While I was browsing the web for interesting perspectives a few days ago, I came across yet another article that portrayed Islam very negatively, as usual posted on a pro-atheism website. That, combined with many other examples of people in the West having a terribly negative image of the religion, made me decide that in this week’s post I would try and rationalise things a little. I have heavily criticised this kind of ignorant atheism before, but I simply cannot help feeling like more needs to be said. After all, Islam is still the most hated religion there is, and I’m not sure if that’s justified.
First of all, if you have the time, have a quick look at the article, and also check out the comment section. Naturally, as usual, the writer makes some very big mistakes such as suggesting that Muslims think God has children, and in the comment section anyone defending Islam gets a whole load of rubbish thrown at them, while comments such as “Muhammad was a rapist” receive nothing but upvotes, despite the likely conclusion that none of that is true.
However, probably the worst thing of all is that these people pride themselves as being open-minded and rational, believing that they indeed have all the knowledge. In reality, their judgements are clouded by prejudice and based on extremely questionable sources such as these articles posted on pro-atheism websites. The question is, why do they believe all these “facts”?
In social-psychology, many experiments have been done to test human thinking, particularly a few decades ago when a lot more was allowed. An experiment that is especially interesting is one by Stanley Milgram, who tested the power of authority. All he did was pay a couple of participants to basically torture someone, hire an actor who pretended like he was indeed being tortured (only audible for the subjects), and a man in a white coat who told the participants that everything was fine. The conclusion? Research participants carried on giving electrical shocks until the actor supposedly died (at 450 volts) in over 60% of the cases, just because a man in a white coat told them everything was fine.
Surely, this oversimplifies things quite a lot (you can watch a video yourself, I promise it’s very interesting), but what matters is the result of the experiment: people will believe whatever they are told, no matter the consequences, just as long as the source is authoritative and confident enough. People were willing to kill millions of Jews just because a man with a moustache told them that Jews had to be exterminated, and in the same way, people are willing to believe a fancy-looking article regardless of the fact that it has enormous consequences for a large part of the world population.
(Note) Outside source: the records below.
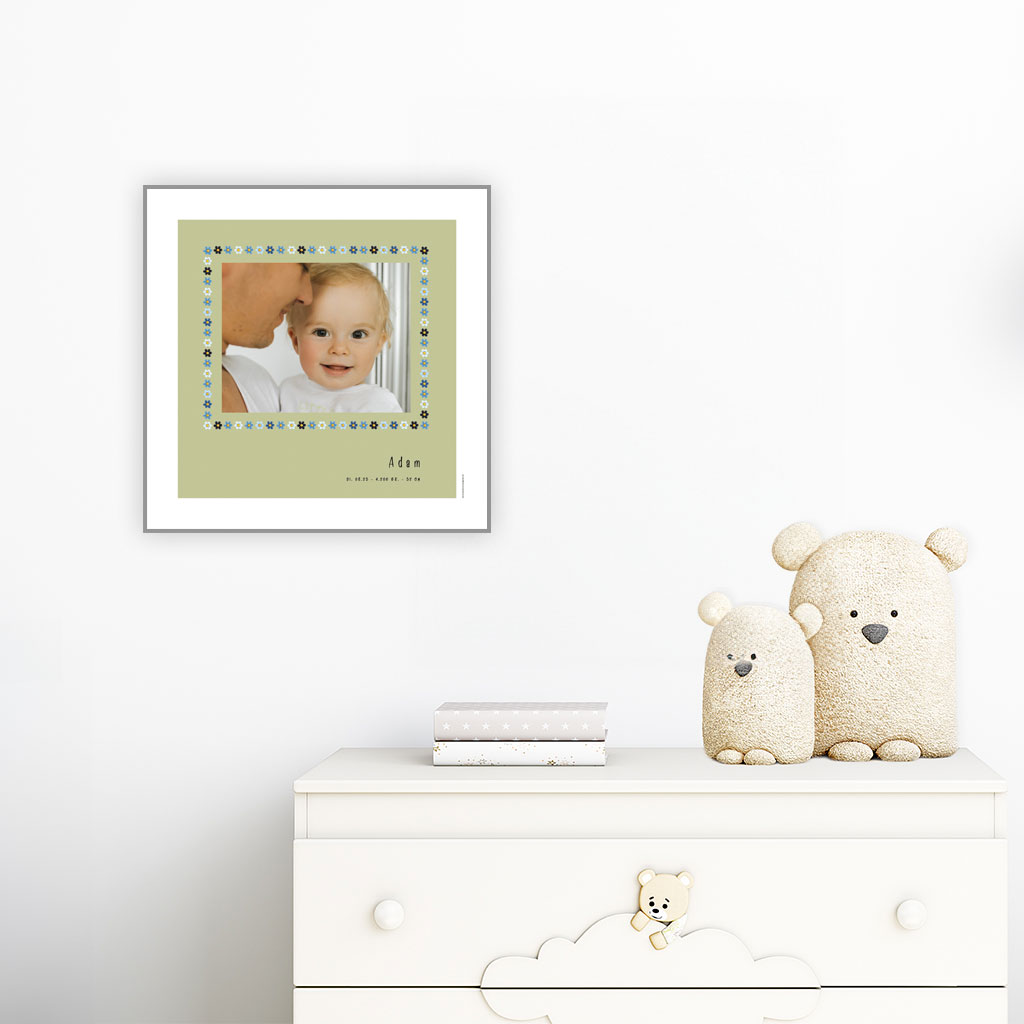 viser kvadratisk fødselstavle med et foto omkranset af en soed kant af blomster i blaa farver. Dertil fornavn og foedselsdata. Groen baggrund og hvid kant. Designet af www.plakatcompagniet.dk. plakat haenger paa boernevaerelse over hvid kommode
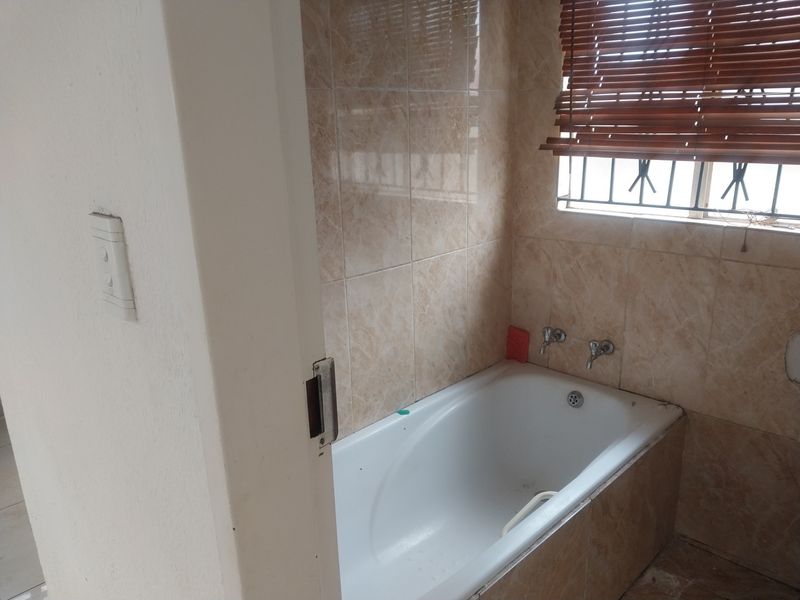 A functional bathroom featuring a built-in bathtub with wall-mounted taps, finished with neutral ceramic wall tiles and fitted with security bars.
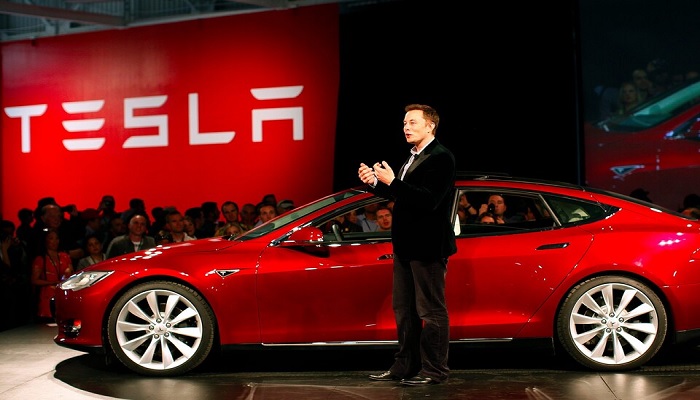 Elon Musk speaks at the launch of a Tesla car. — Twitter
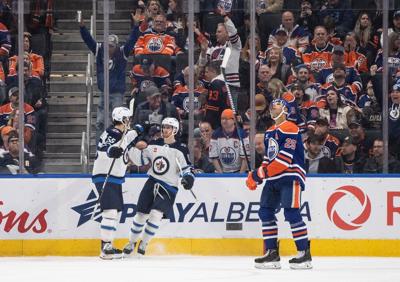 Connor's OT winner lifts Jets past Oilers, who lost McDavid late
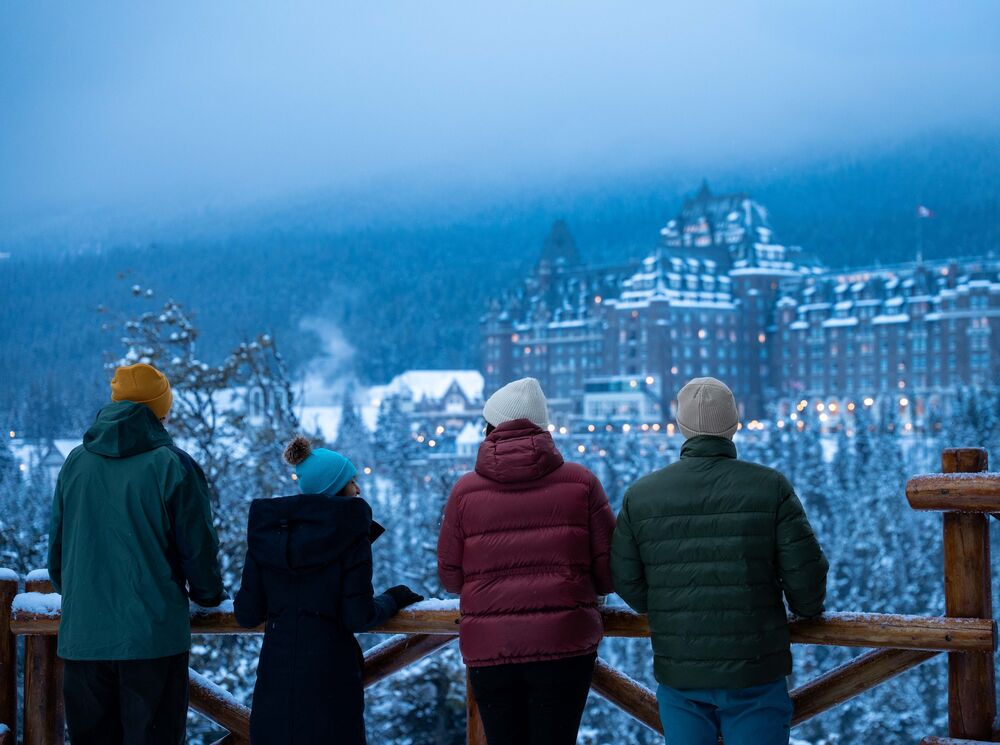 Four people standing at Surprise Corner looking at the Banff Springs Hotel in Banff National Park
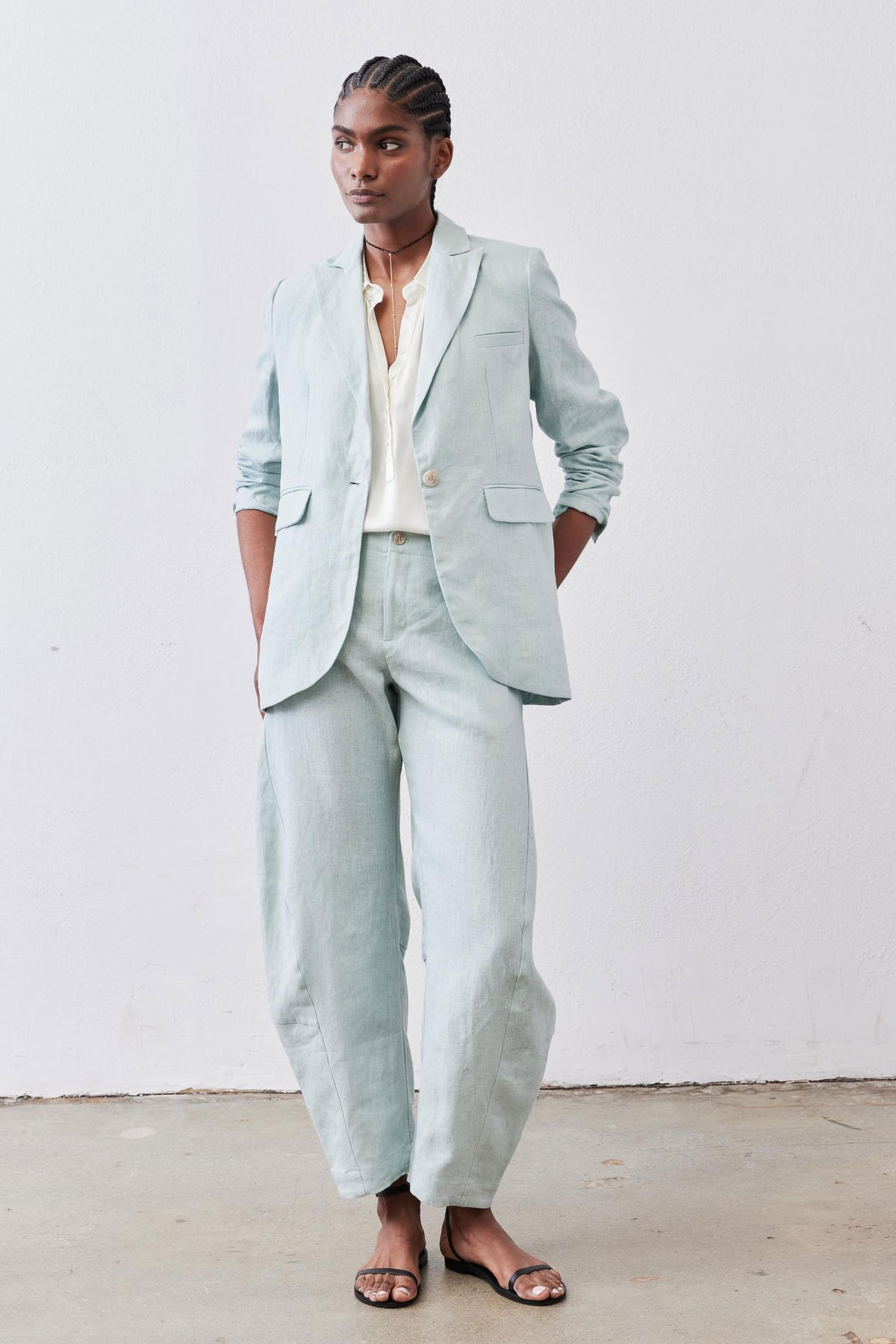 Mint linen blazer with notch lapels, front buttons, and two flap pockets, long sleeves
In the end, experiments like this one suggest that such ignorance and evil is human nature and that we probably won’t ever get rid of it. As long as there is still someone out there preaching against Islam and as long as the popular media doesn’t explicitly show that Islam isn’t dangerous at all (which is not possible as long as fundamentalism still exists), the religion will always be unfairly looked down upon by a large group of the Western population.
But identifying a problem and concluding that nothing can be done isn’t very productive, so what we should ask ourselves is what we can do to minimise this effect, because although it cannot be solved, that doesn’t mean there isn’t anything we can do. For instance, we can educate ourselves and use that knowledge we gain to educate others, so that slowly, one person at a time, we can convince a large part of the population that their prejudices are faulty.
Particularly, now that I have read the Qur’an, I suddenly notice misconceptions about Islam basically on a daily basis, whether it is on the internet, within my friend groups or even my professors in university. Most of these misconceptions are innocent, but that doesn’t take away the fact that if we can show that the innocent misconceptions are wrong, the more damaging ones won’t seem so infallible anymore. And that is what needs to be done: the world needs to be convinced that the “authority” that is the internet and the media is often wrong and that Islam isn’t as bad as some people want us to think it is.